● Task objective
Where a picture appears, leave it out, and print the rest of the records as they are.

Captioned web images

******

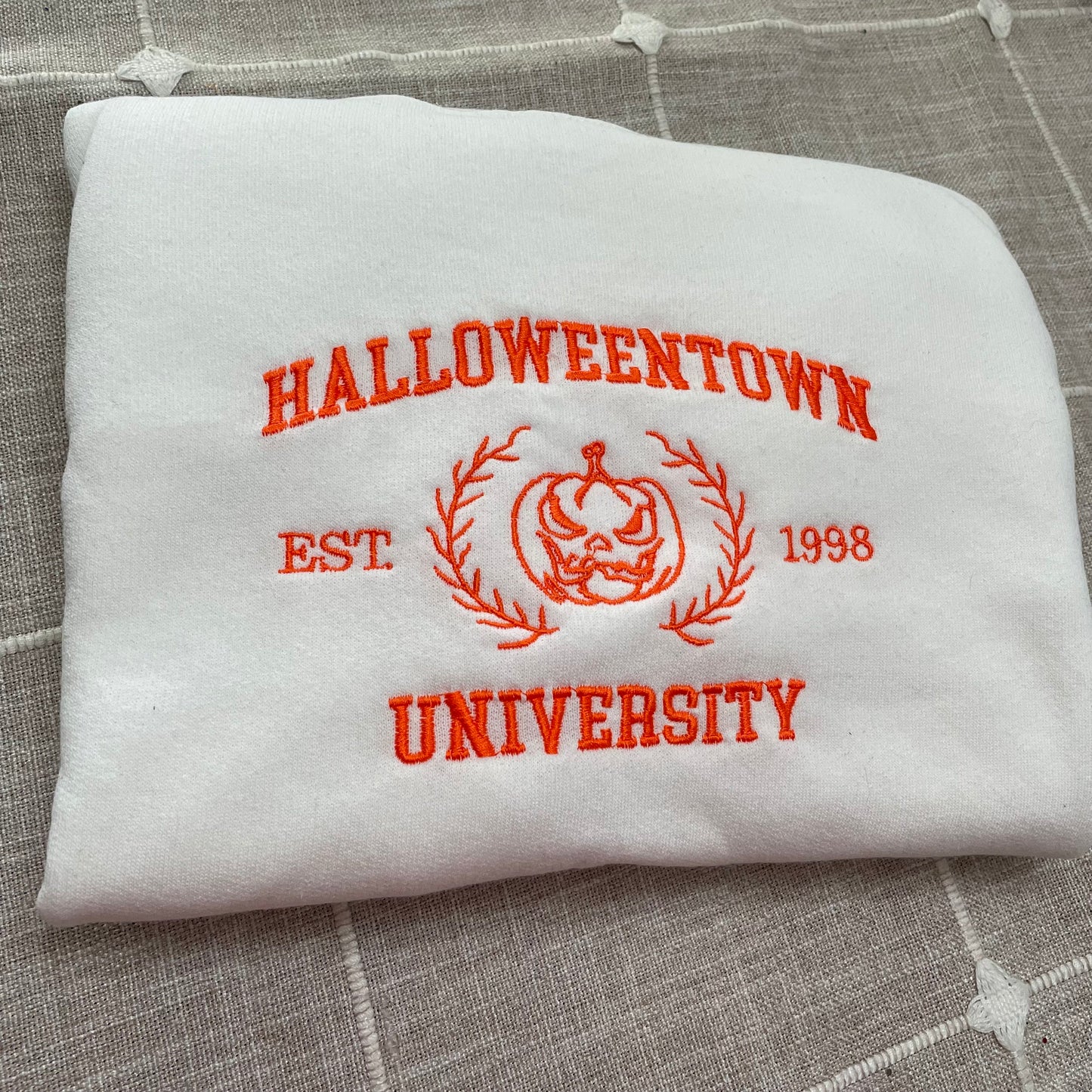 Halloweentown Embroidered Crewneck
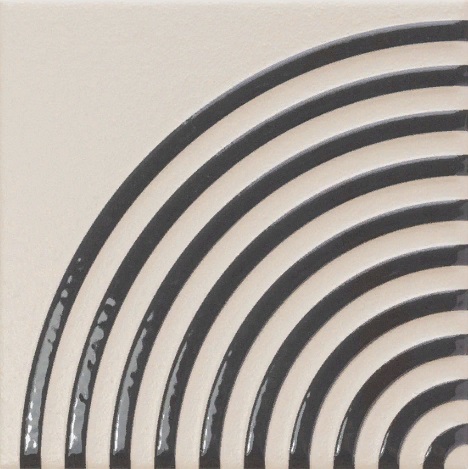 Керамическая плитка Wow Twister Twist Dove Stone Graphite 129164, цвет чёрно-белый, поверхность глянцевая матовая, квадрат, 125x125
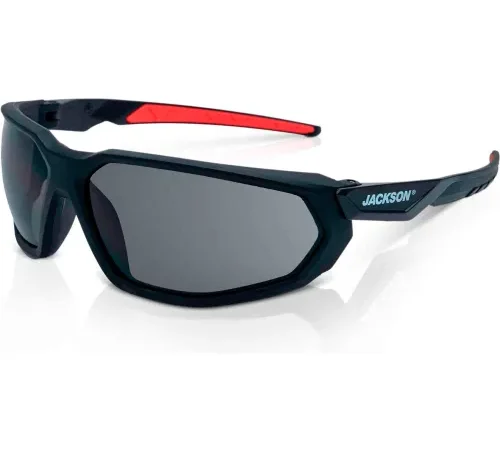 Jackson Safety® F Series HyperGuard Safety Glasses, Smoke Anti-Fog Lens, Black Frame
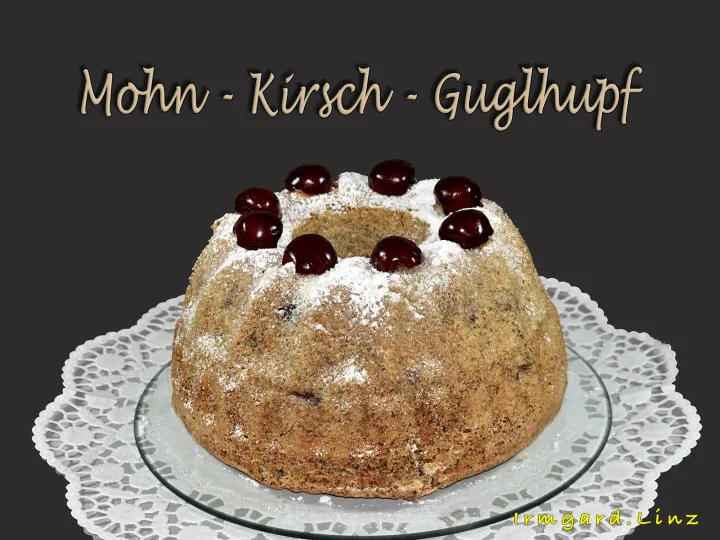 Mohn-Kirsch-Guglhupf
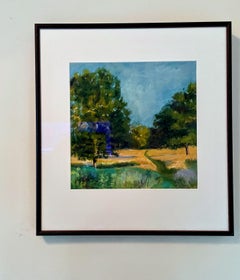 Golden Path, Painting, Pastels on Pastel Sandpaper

******

● Solved problem
 Halloweentown Embroidered Crewneck
 Керамическая плитка Wow Twister Twist Dove Stone Graphite 129164, цвет чёрно-белый, поверхность глянцевая матовая, квадрат, 125x125
 Jackson Safety® F Series HyperGuard Safety Glasses, Smoke Anti-Fog Lens, Black Frame
 Mohn-Kirsch-Guglhupf
 Golden Path, Painting, Pastels on Pastel Sandpaper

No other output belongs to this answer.